▶ EXERCISE DESCRIPTION:
Within the records that follow, restate exactly the lines from the line with "Thumbnail: 10 Reasons" down to the line with "Yamaha Aerox 50, снимка", including both. Omit the pictures.

▶ MATERIALS PROVIDED:

_ _ _

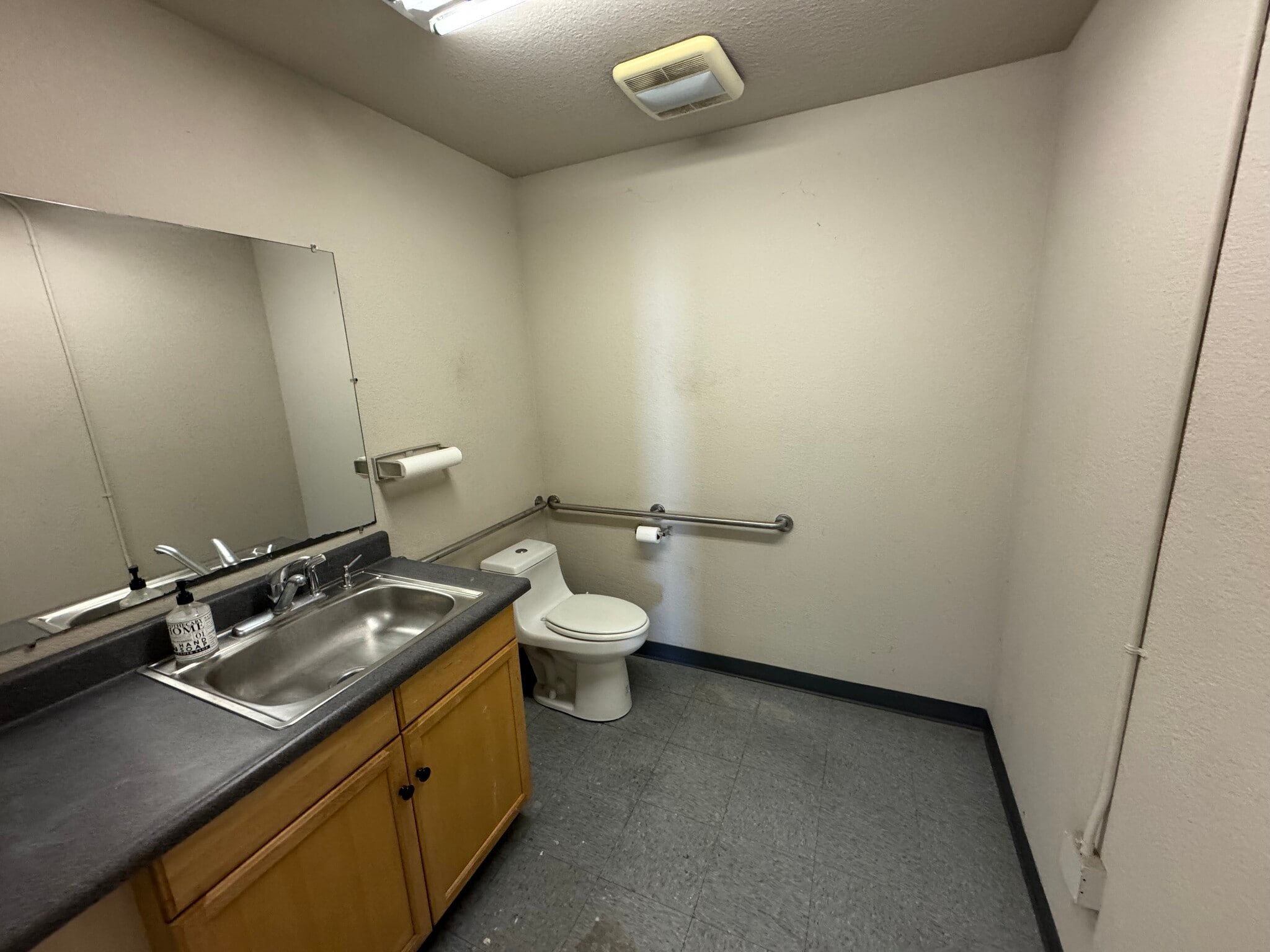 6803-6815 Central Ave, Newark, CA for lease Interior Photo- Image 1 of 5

_ _ _

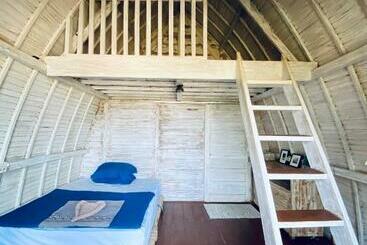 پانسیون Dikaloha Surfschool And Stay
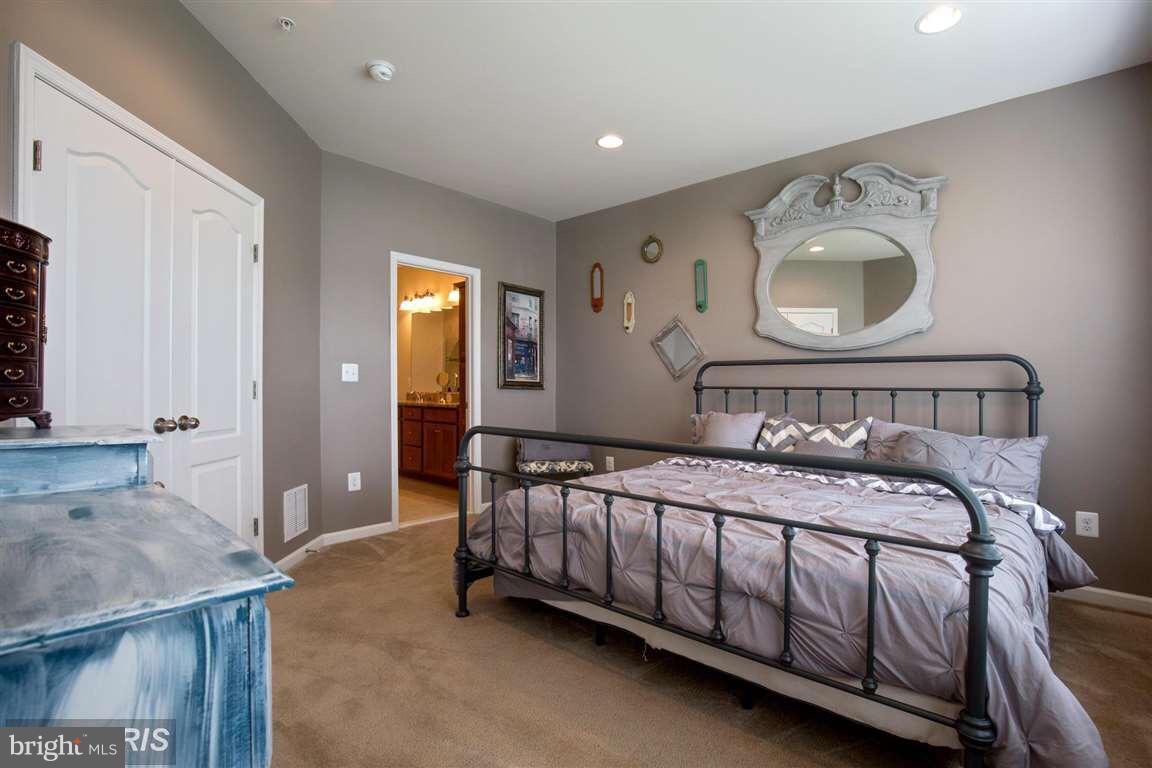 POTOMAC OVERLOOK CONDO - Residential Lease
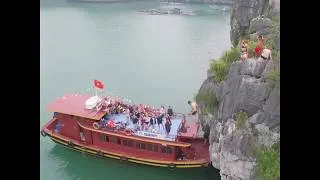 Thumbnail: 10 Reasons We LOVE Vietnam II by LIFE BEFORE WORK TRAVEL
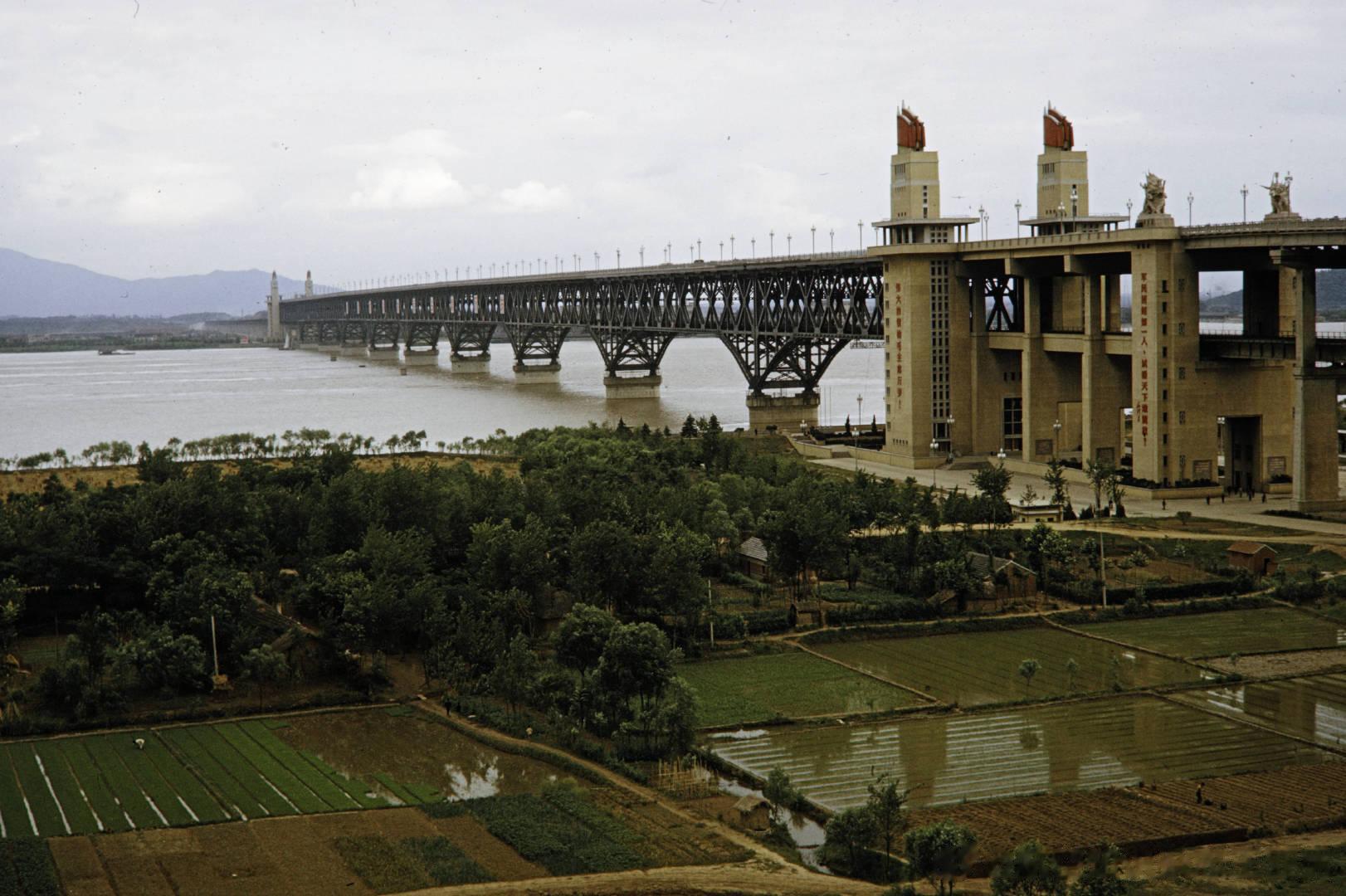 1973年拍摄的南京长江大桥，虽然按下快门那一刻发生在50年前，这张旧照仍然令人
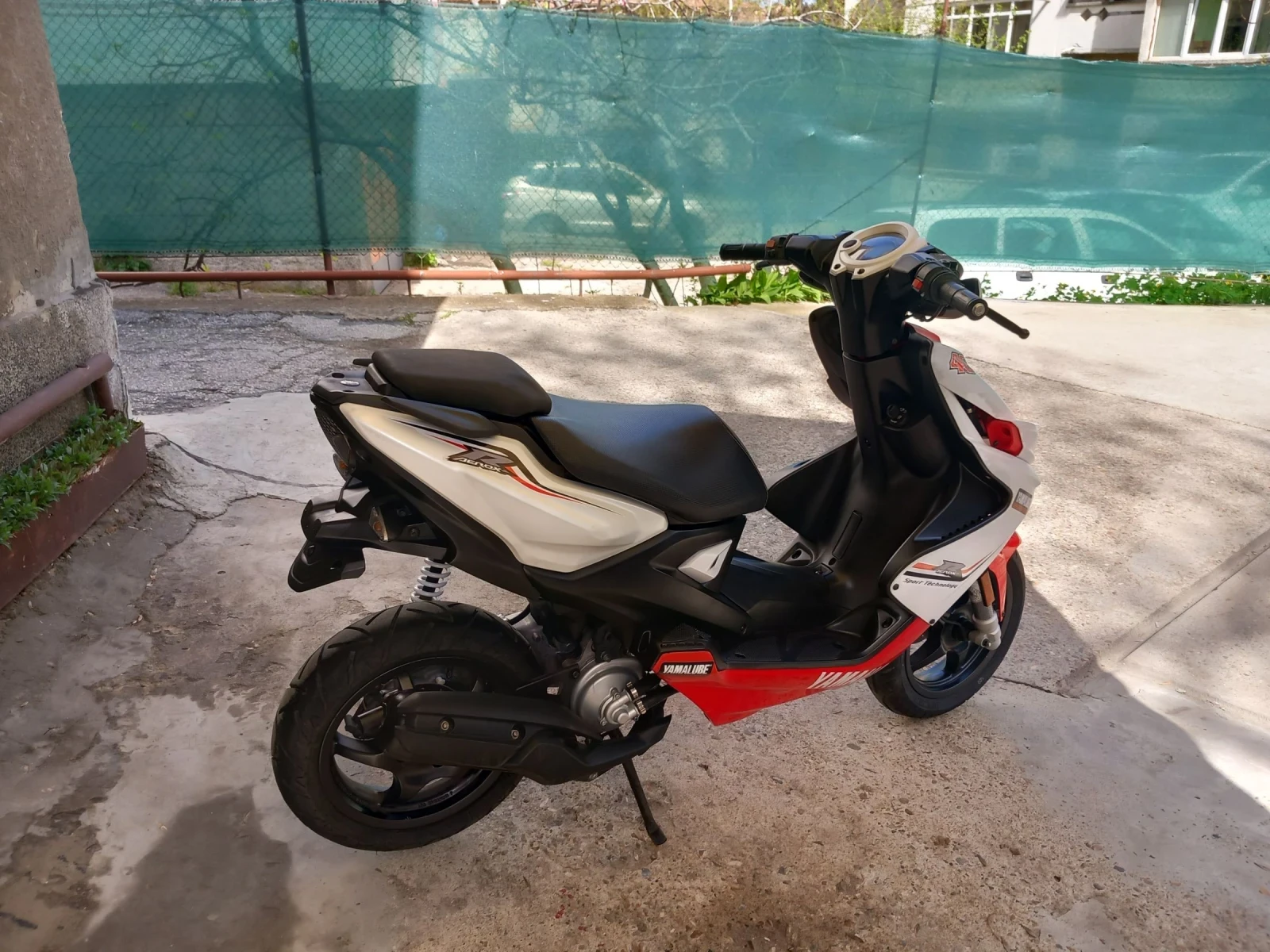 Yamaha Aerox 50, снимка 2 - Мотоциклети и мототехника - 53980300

_ _ _

▶ OUTPUT BELOW:
 Thumbnail: 10 Reasons We LOVE Vietnam II by LIFE BEFORE WORK TRAVEL
 1973年拍摄的南京长江大桥，虽然按下快门那一刻发生在50年前，这张旧照仍然令人
 Yamaha Aerox 50, снимка 2 - Мотоциклети и мототехника - 53980300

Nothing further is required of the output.